Ikea Foundation gives over £2m to charities working in Yemen

24 Feb 2017 News

Ikea Foundation's website

The Ikea Foundation has given over £2m to Médecins Sans Frontières and Save the Children for their work in Yemen, and is calling on other funders to do the same.

The Ikea Foundation gave £1.7m (€2m) to MSF, and another £0.4m (€500,000) to Save the Children to save lives and protect children and families in Yemen.

The foundation, which is the philanthropic arm of the owners of the Swedish furniture giant Ikea, is calling on other funders to do the same to ensure that the people of Yemen get the help that they need.

Per Heggenes, chief executive of the Ikea Foundation, said: “The Ikea Foundation is proud to support MSF and Save the Children’s work in Yemen, and it’s why we’re encouraging other funders to do the same. The international community has not done enough to prevent children and families in Yemen from suffering. If we don’t act now, the consequences are unthinkable.”

Yemen humanitarian crisis

Civilians and hospitals have been indiscriminately attacked for nearly two years. Hundreds of health facilities have stopped functioning due to airstrikes and shelling, or because of lack of funding, supplies and staff.
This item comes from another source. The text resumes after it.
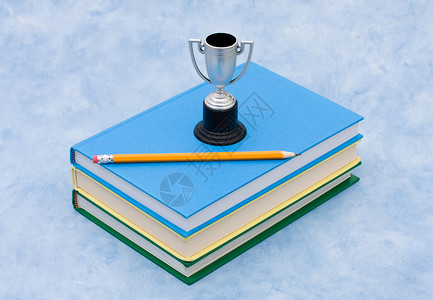 一堆书有奖杯和蓝背景的铅笔背景图片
MSF is working in Ibb governorate – one just 20km from the frontline – where, in addition to treating trauma patients, teams are also performing surgery, providing maternal and paediatric care, and are responding to outbreaks of disease.

Bruno Jochum, general director of MSF, said: “The war in Yemen has created a countrywide humanitarian crisis. Yet this emergency remains largely forgotten. Through this grant, the Ikea Foundation is giving financial support to our emergency action on the ground, and its backing of our life-saving medical action is recognition that more needs to be done urgently.”

Grant Pritchard, Save the Children’s deputy country director in Yemen, said: “Bombs are landing on homes, they are landing on schools, and they are landing on hospitals, resulting in the displacement of nearly 1 million children and the needless loss of nearly 1,500 innocent children’s lives while thousands more have been maimed since the conflict escalated.

“We are grateful for the support from the Ikea Foundation, which will do much to improve the lives of thousands of hungry, malnourished and vulnerable children. And I hope that other donors will follow the Ikea Foundation’s example, given the catastrophic humanitarian crisis we are witnessing on the ground.”

Save the Children estimates that ten million children urgently need help. According to the organisation, one Yemeni child dies every ten minutes from preventable killers like diarrhoea, malnutrition and respiratory tract infection. Over two million children are malnourished—and the number is rising.

The charity says that with the funding, Save the Children will focus on helping the most vulnerable children in Sana’a and Amran governorates. They will provide food baskets and help caregivers understand how best to nourish children under two. Mobile child-protection teams will be created, and support will be given to children who have become separated from their families.

Save the Children will also provide psychosocial support to children and caregivers who have directly experienced violence.